With the election on the way, the political parties are working hard to explain that only their plans will cement the UK’s recovery. But how do the Budget and the proposals of the other major parties affect convenience retailers?
Familiar increases in duty on tobacco and alcohol reinforce the UK’s position as one of the most expensive markets in the world. The World Health Organisation predicted recently that sales of tobacco through illegal channels will exceed legitimate sales by the end of the decade. The social justifications are growing more and more tenuous as we see the criminal industry thriving in our most deprived communities.
Unfortunately, we cannot expect that a Chancellor of a different political persuasion will seriously consider ending the duty escalators.
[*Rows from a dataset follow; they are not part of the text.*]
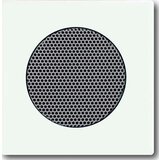 Busch-Jaeger Central disk stws mt 8253-884, (20891090) Cene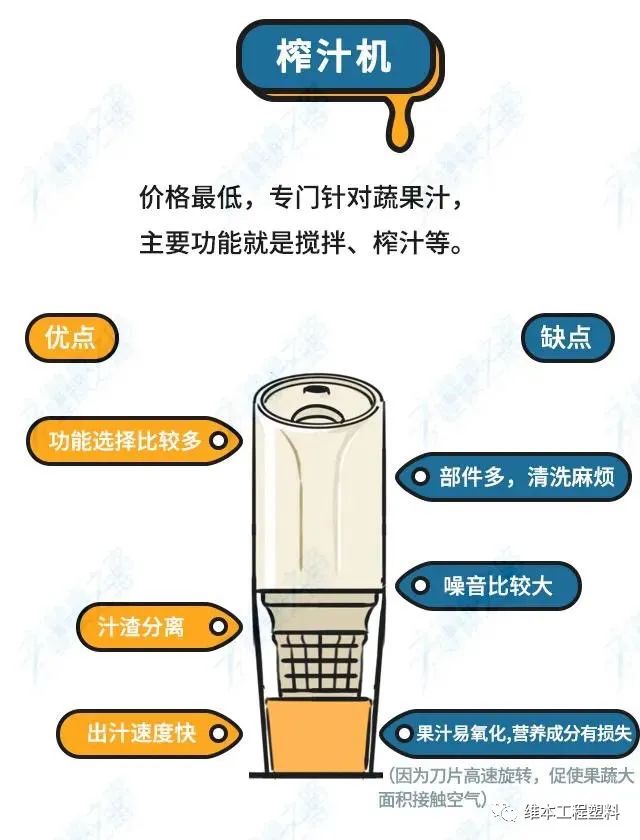 12v行星齿轮减速电机,安徽行星齿轮减速电机厂家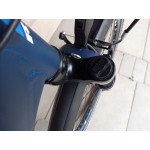 оригинален алуминиев спортен велосипед OUTBACK RIXE 26 цола фул SHIMANO ALTUS оригинален алуминиев спортен велосипед OUTBACK RIXE 26 цола фул SHIMANO ALTUS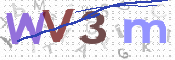 この文字を入力してください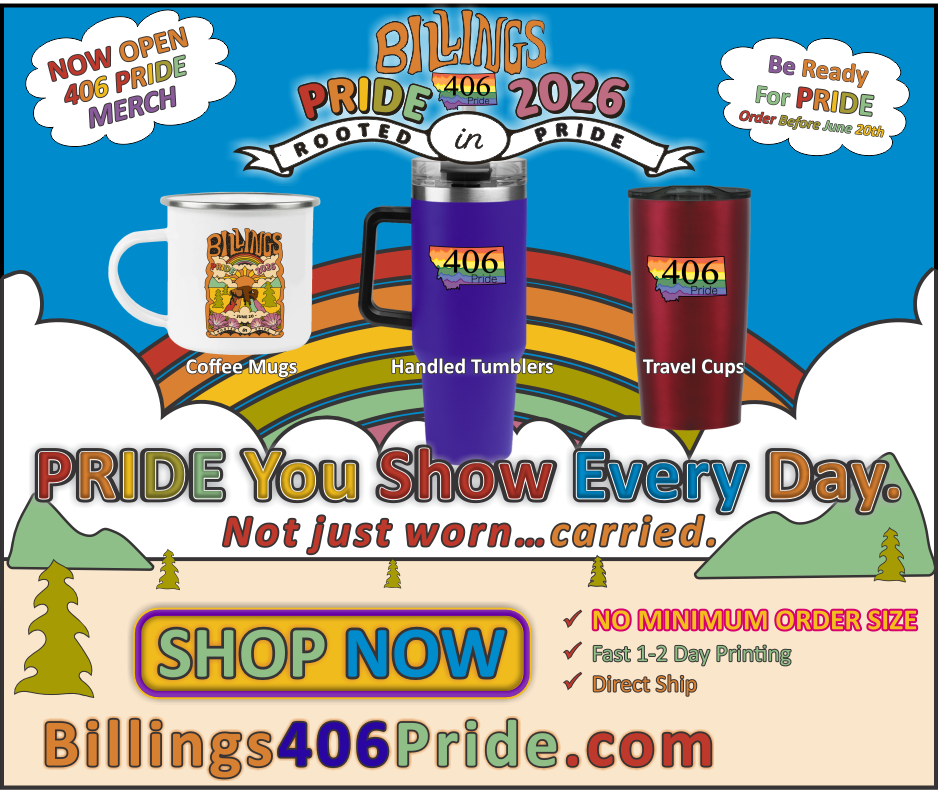 Online Ad Drinkware.png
Indeed, the Chancellor’s raid on the cider industry was an idea borrowed from his political opponents and unlikely to make either Party popular in the West Country.
There was brief excitement at the concept of a business rates cut for a year from this October, but the thresholds involved (a rateable value below £12,000 per annum) mean that few retailers in our industry will benefit.
Also hidden away in the pages of the Budget was the biggest economic policy announcement for our sector, a 2.2% increase in the minimum wage. This puts huge pressure on available staff hours and jobs in retail. This increase is both badly timed and ill judged.
If there is no change of government after the election, decisions in the latest Budget will be quickly replaced by new measures, and we have reason to be fearful of tax increases such as a hike in VAT.
Once the election fight has concluded, the real decisions will be made on spending and we will have a clearer idea about how we are set for the next few years.